The Investec-backed study lists Ireland's largest indigenous companies by sales with building materials group CRH topping the list. Collectively the entire list reported €139.5bn in sales with businesses in the construction and engineering sector amounting to the second-largest proportion of contributors.

Investec head of treasury Aisling Dodgson said the success of indigenous firms can sometimes be overlooked in what is becoming a more globalised market.

"The analysis demonstrates the true scale of Irish businesses which we classify as 'Born in Ireland' - companies with their origin in the country which either have grown on the back of serving the domestic market, through exports or by growing their business serving markets beyond our shores," she said.

Vision-net compiled the data for the new research and only included companies that have filed accounts in 2014 or later.

Charities, inversion deals and dissolved companies were all excluded from the report.

The report shows the size of Irish exporters and their importance to the economy, which is set to grow at a slower rate as a result of Britain's decision to leave the European Union. However, despite the looming exit of Ireland's most important export destination, Investec head of macro-financial research Philip O'Sullivan said Brexit must be put into perspective.

"It is worth noting that five-sixths of Irish exports now go to markets other than the country's next door neighbour.

"Notwithstanding this moderation, and barring any more statistical anomalies, the Irish economy is still likely to turn in some of the strongest growth in the European Union in both this year and the next," he said.

Ireland's heavy hitters are right near the top of the list with utilities firm DCC coming in at second with a turnover of €14.48bn.

Swiss-Irish food firm Aryzta comes in at tenth with sales of just under €3.3bn.

Outside of DCC, Topaz, Tullow Oil, Eirgrid, and Maxol all make up the top five Irish utilities companies. Nearly 90 of the companies on the list are in Dublin with Cork coming in second place.
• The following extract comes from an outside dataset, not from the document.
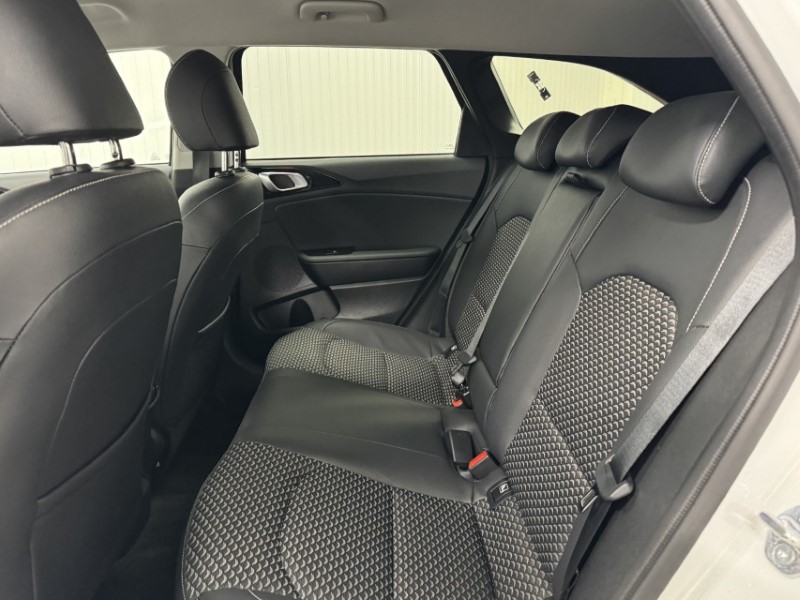 2025 (25) KIA CEED 1.5T GDi ISG 138 3 5dr DCT 5030957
A total of 25 businesses from Munster were listed, bringing the region's haul up to €15bn, €3bn more than that of Leinster's when Dublin is excluded.

Eleven firms from Munster made the list with Ulster counties contributing six entries.

Dublin's turnover dwarfed all of the other regions, bringing in €106.8bn in revenue, more than seven times the intake of Munster. IEA chief executive Simon McKeever said the export sector remains key to the recovery.

"Ireland is now looking at the very real possibility of the UK leaving the EU by 2019 and this move will affect indigenous Irish exporters more than most given the close bi-lateral trade agreement that exists between us."

The IEA chief highlighted the importance of nailing down a trade deal with the UK after it executes Article 50.